Adjusting the installation angle of PV panels influences cross-ventilation, primarily due to changes in airflow dynamics, pressure variations, and integration with building design. The angling of PV panels modifies the conventional airflow trajectory, thereby affecting the building’s ventilation efficiency. Tilted panels may obstruct air movement, potentially reducing airflow through openings, such as windows or ventilation slots. Therefore, the angle and placement of PV panels must be thoughtfully integrated into architectural designs to prevent adverse effects on the ventilation system. Further research should focus on designing experiments to explore how adjusting the tilt angle of PV panels can either minimize these negative impacts or enhance ventilation positively.

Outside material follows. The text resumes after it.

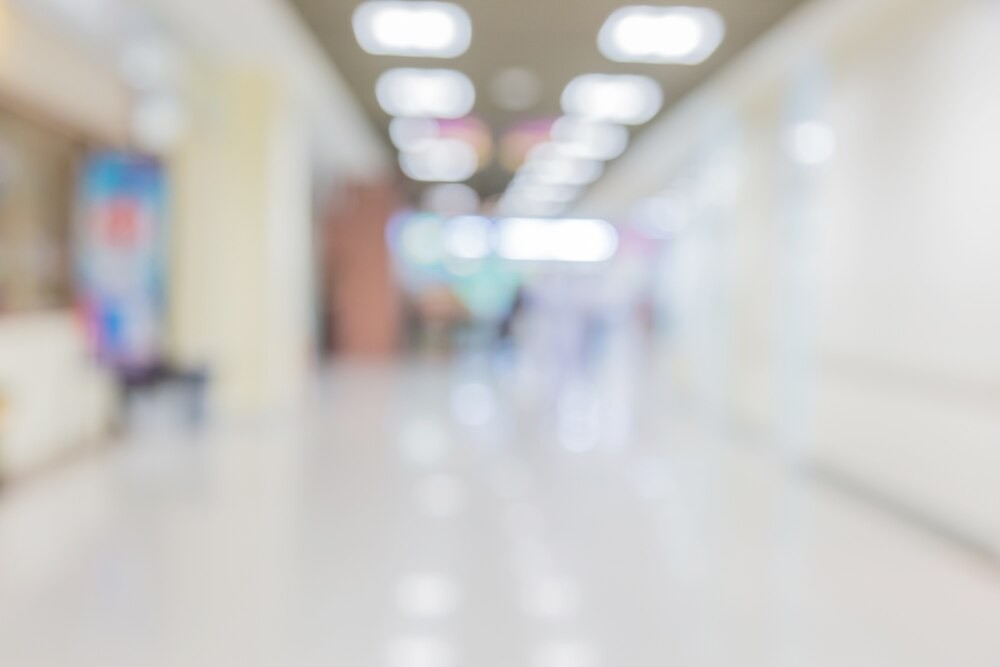 Bezpłatna fizjoterapia dla seniorów w Kołbaskowie – Zadbaj o swoje zdrowie!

In our forthcoming research, we aim to explore the integration of PV systems with grid infrastructure, recognizing its critical role in enhancing the energy autonomy of buildings. Additionally, it is necessary to consider system uncertainty under climate change [53,54]. We believe that examining the grid-connected capabilities of such systems will yield valuable insights for the design and implementation of sustainable building practices. We acknowledge that this paper primarily relies on simulation studies and lacks experimental validation, which undoubtedly constrains the depth and scope of our findings. To address this, we will establish an experimental platform to gather more precise and practical data, thereby enhancing the reliability and applicational value of our research. Future studies will address these limitations, and further optimization will be conducted to increase the accuracy of our results.

5. Conclusions

In this study, we conducted simulations and thermal performance evaluations of a ventilated double-layer photovoltaic glass curtain wall system, yielding the following insights. The surface temperature of the photovoltaic panels is significantly influenced by ground temperature and solar radiation levels. An increase in ground temperature corresponds to a rise in the panel’s surface temperature. Additionally, the intensity of solar radiation has a direct impact on the module’s temperature, reaching its peak under maximum solar exposure.

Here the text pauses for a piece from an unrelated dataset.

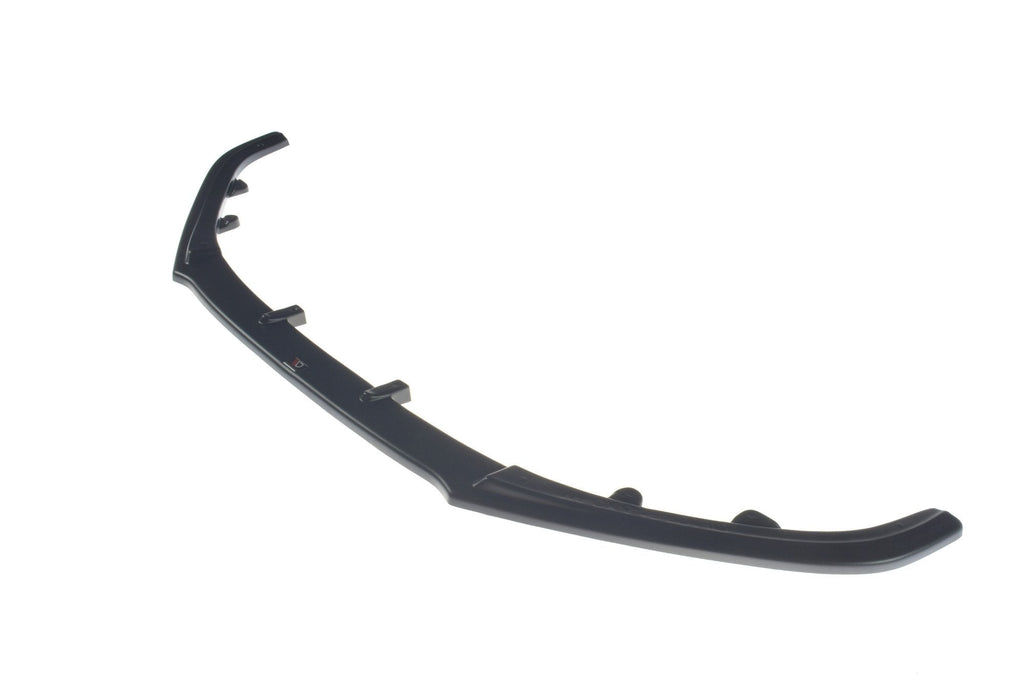 Maxton Design Splitter delantero V.1 para Mazda CX-5 Facelift - imagen 1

The tilt angle of the photovoltaic panels plays a role in determining their surface temperature and, consequently, their power generation efficiency. With vertical placement, the average efficiency is 39.41%. As the tilt angle decreases, the efficiency progressively improves. Thermal ventilation spacing primarily influences convective heat transfer. An increase in spacing enhances convective cooling, leading to a reduction in the photovoltaic module’s surface temperature. Power generation efficiency increases with ventilation spacing within the range of 0.1~0.4 m, but efficiency begins to decline when spacing exceeds 0.4 m.

Seasonal variations impact the efficiency of photovoltaic panels. During spring and autumn, moderate temperatures can bring the panel closer to its optimal operating temperature. In summer, efficiency drops as temperatures rise beyond the optimal range. In winter, cooler temperatures can slightly boost efficiency, but the lower sun angles and shorter daylight hours can adversely affect overall power generation. The transmittance of the photovoltaic glass governs the amount of light that passes through. Lower transmittance means more solar radiation is converted into electrical energy within the module, potentially leading to higher power generation efficiency.

By analyzing key factors like tilt angle, ventilation spacing, and glass transmittance, researchers have optimized design strategies for photovoltaic double-skin glass curtain walls, thereby enhancing their performance. This study identifies critical elements for maximizing power generation efficiency, enabling the fine-tuning of parameters to improve building energy efficiency. The investigation holds profound significance for promoting and applying these curtain walls in architecture, driving innovation and supporting sustainable development goals.